First Lady of Namibia
- In role 21 March 1990 – 21 March 2005
- President: Sam Nujoma
- Preceded by: Role created
- Succeeded by: Penehupifo Pohamba

Personal details
- Born: Kovambo Theopoldine Katjimune Mushimba 10 March 1933 (age 92) Windhoek
- Political party: SWAPO
- Spouse: Sam Nujoma ​ ​(m. 1956; died 2025)​
- Children: 4, including Utoni
- Relatives: Aaron Mushimba (brother)

= Kovambo Nujoma =

Namibian political figure (born 1933)

Kovambo Theopoldine Katjimune Nujoma (née Mushimba; born 10 March 1933) is a Namibian political figure and former First Lady of Namibia.

Nujoma, who is the widow of former president Sam Nujoma, was the inaugural First Lady of Namibia for 15 years from the country's creation in 1990 until 2005. She has been nicknamed the "Mother of the Nation".

== Biography ==
Nujoma was born in Windhoek on 10 March 1933, as the daughter of Johannes and Kandorera Mushimba. Her siblings included Aaron Mushimba, a businessman and SWAPO pro-independence figure.

She married Sam Nujoma on 6 May 1956. They had three sons and one daughter: Utoni Daniel (born 1952), John Ndeshipanda (1955–1993), Sakaria "Zacky" Nujoma (born 1957) and Nelago Nujoma (born 1959), who died at 18 months while her husband was in exile.

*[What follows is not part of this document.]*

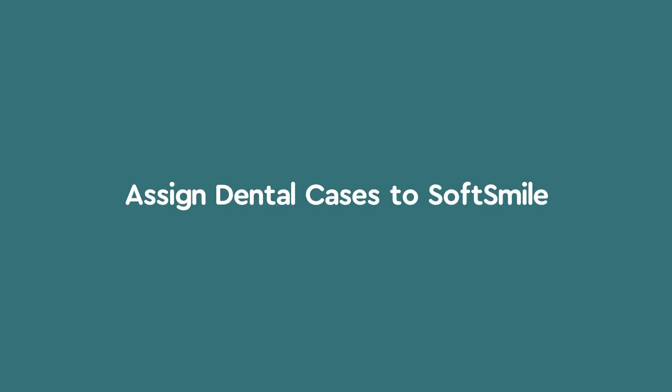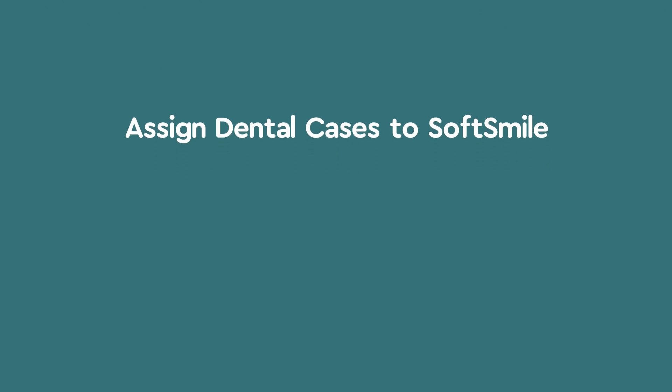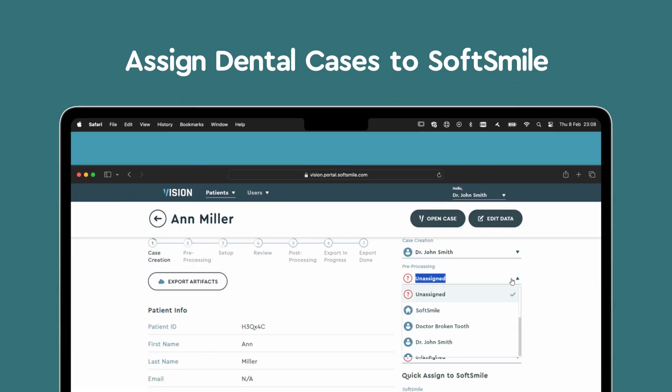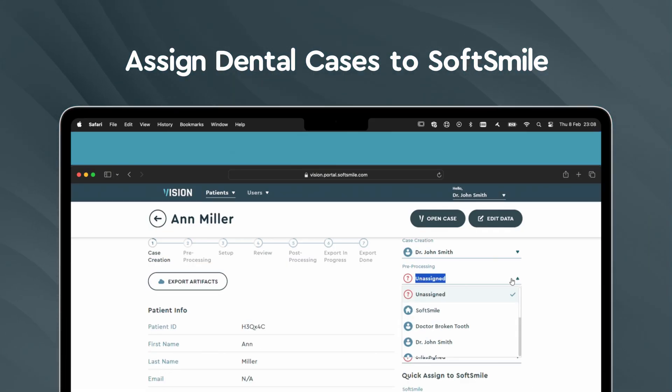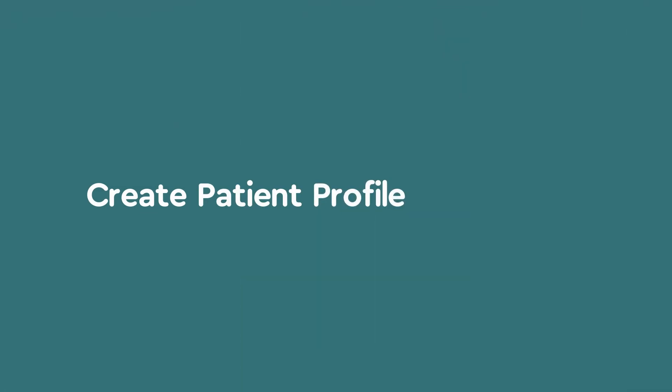Welcome to a simpler, faster way to ensure your patients receive the best dental care preparation. With just a few clicks, you can assign a case to SoftSmile, connecting your patient profiles directly to our expert team.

In 1960, during South West African rule, Nujoma was put under house arrest together with her brother, Aaron Mushimba. She was accused when her husband left to Angola in 1960, of planning to join him in exile at Angola and for that reason she was approached and raided by the South African security forces who tried to persuade her to kill her husband.

Kovambo Nujoma became the inaugural First Lady of Namibia upon the country's establishment on 21 March 1990. She was First Lady for three terms, until President Sam Nujoma retired from office on 21 March 2005.

==Awards==
Kovambo Nujoma was conferred the Most Brilliant Order of the Sun, First Class on Heroes' Day (26 August) in 2014.

== Recognitions ==
In Walvis Bay, a street was named after her in the southwest of the town. A community hall in Windhoek was also named after her, now known as the Kovambo Nujoma Community Hall.